*COLLECTED MATERIAL*.

☆ ☆ ☆

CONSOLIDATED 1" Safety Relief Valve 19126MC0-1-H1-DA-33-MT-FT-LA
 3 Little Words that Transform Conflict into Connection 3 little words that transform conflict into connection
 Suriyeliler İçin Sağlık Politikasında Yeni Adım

☆ ☆ ☆

*EXERCISE*. Faithfully reproduce all of the material.

*RESULT*.
CONSOLIDATED 1" Safety Relief Valve 19126MC0-1-H1-DA-33-MT-FT-LA
 3 Little Words that Transform Conflict into Connection 3 little words that transform conflict into connection
 Suriyeliler İçin Sağlık Politikasında Yeni Adım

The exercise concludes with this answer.